=== Information ===

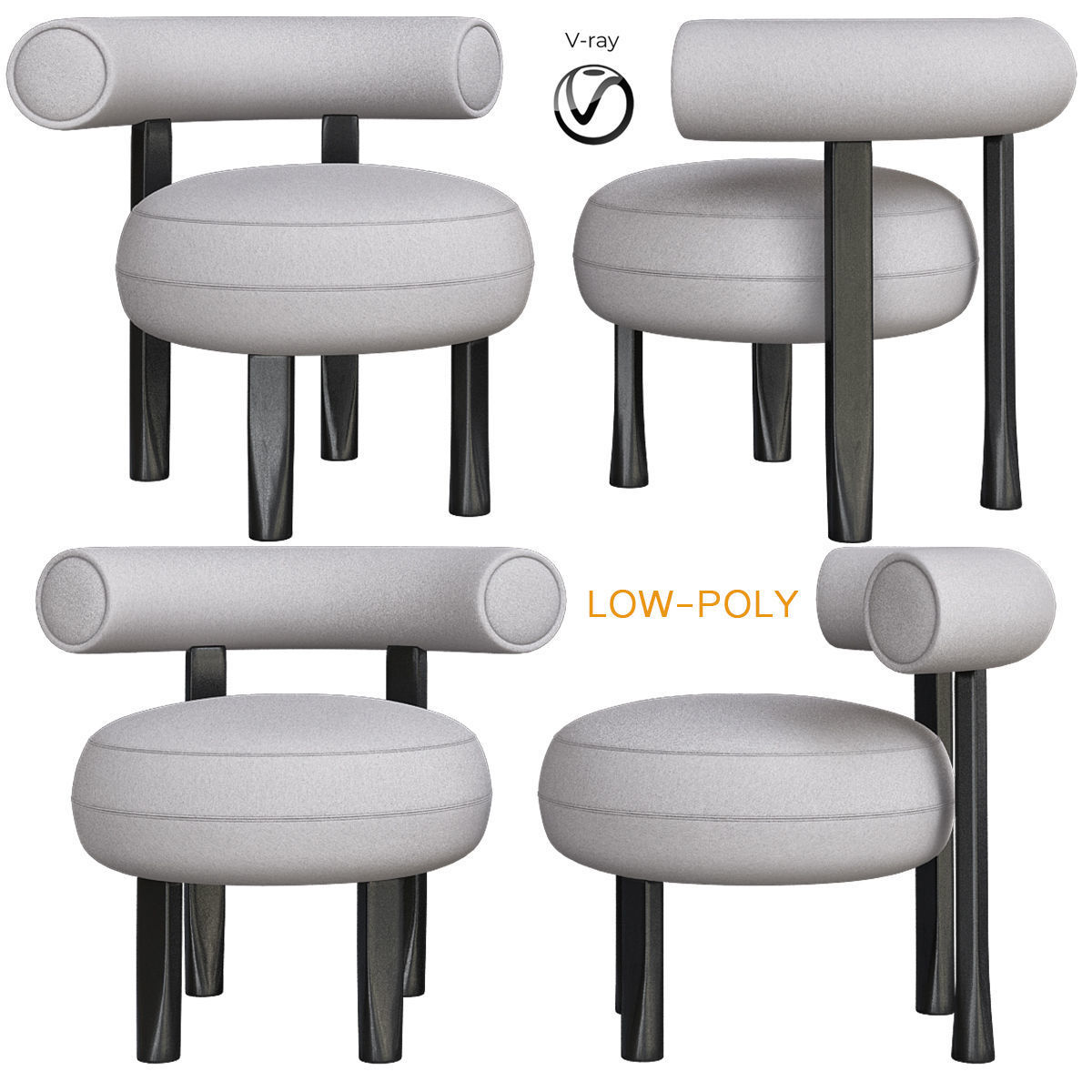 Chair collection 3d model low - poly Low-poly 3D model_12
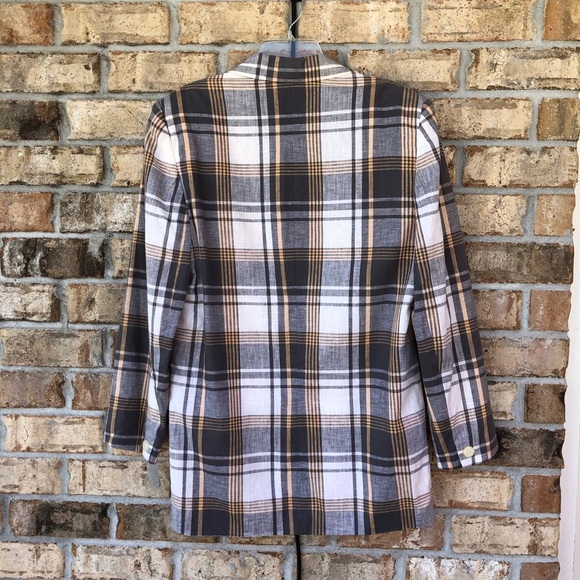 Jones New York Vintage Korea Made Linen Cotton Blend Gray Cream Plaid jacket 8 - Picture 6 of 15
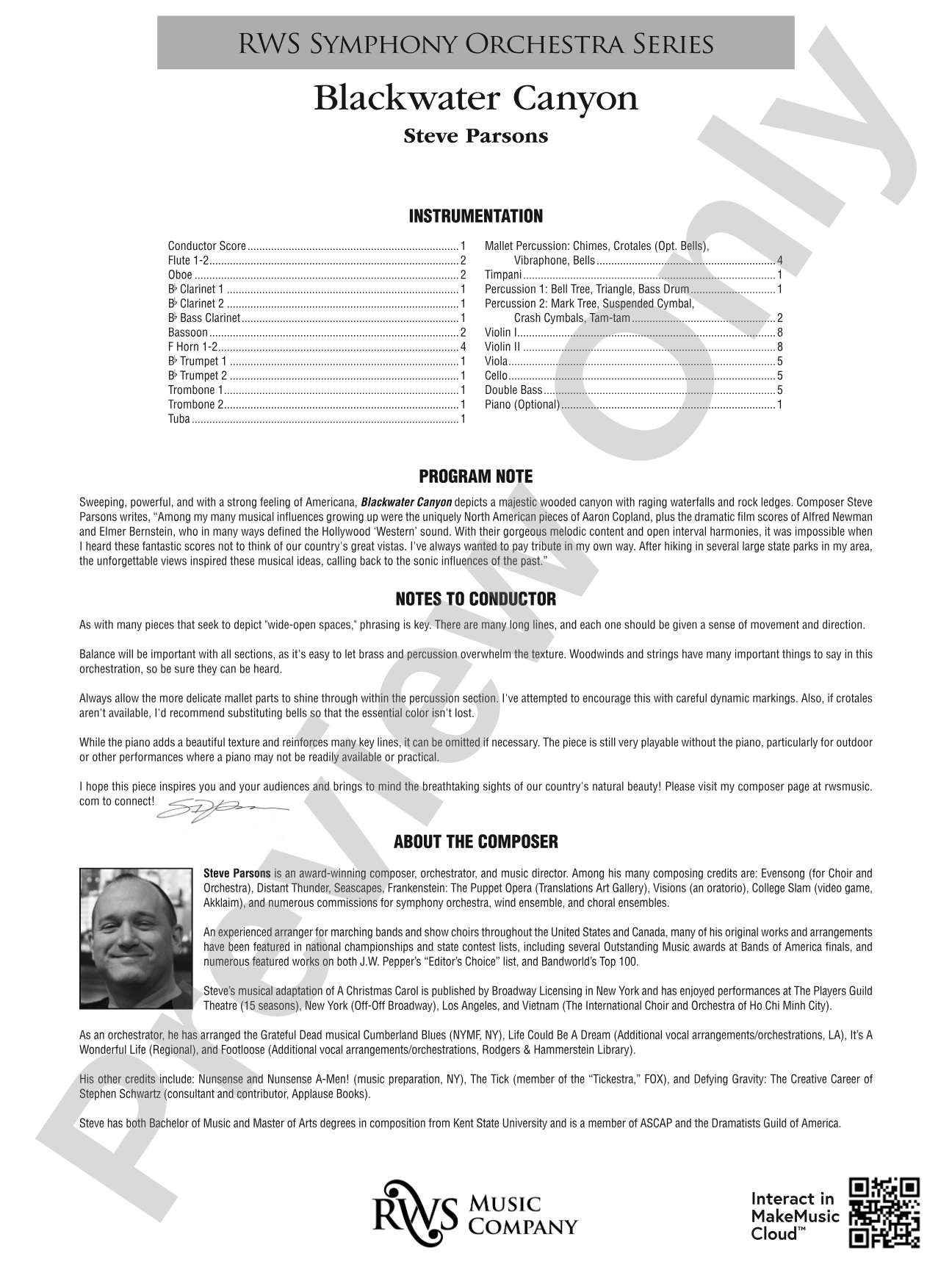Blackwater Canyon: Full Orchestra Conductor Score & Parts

===
=== Information ===

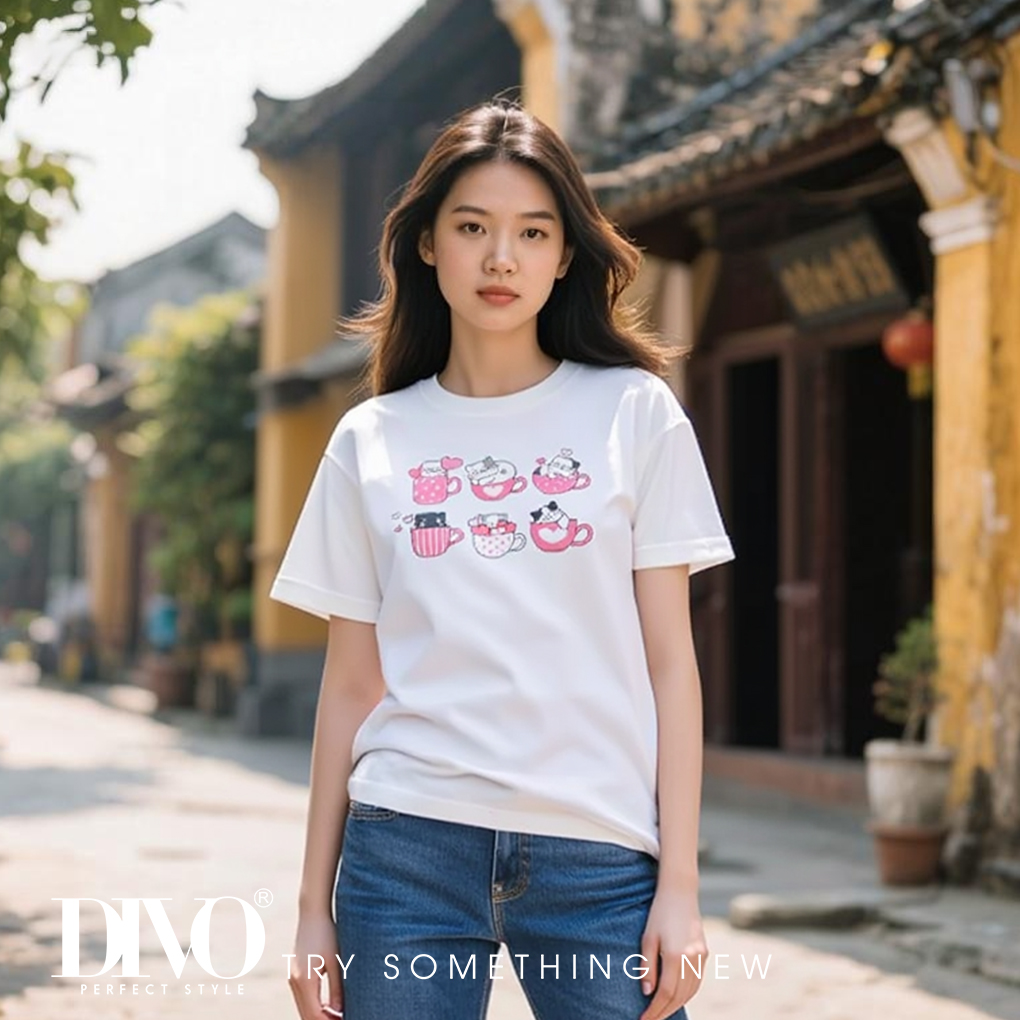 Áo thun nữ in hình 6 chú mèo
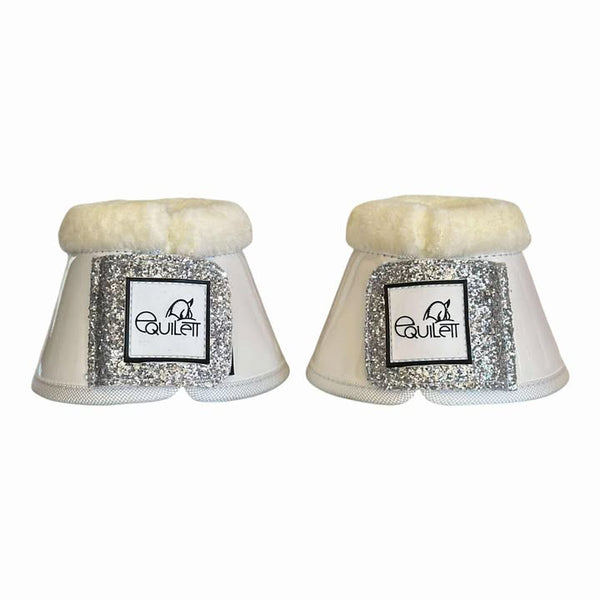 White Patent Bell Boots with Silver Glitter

===

_Your instructions_
Start at the line containing "Áo thun nữ in hình 6 chú mèo" above and stop at the line containing "White Patent Bell Boots with Silver Glitter". Output those lines exactly, both included, but none of the pictures.

_Exercise output_
 Áo thun nữ in hình 6 chú mèo
 White Patent Bell Boots with Silver Glitter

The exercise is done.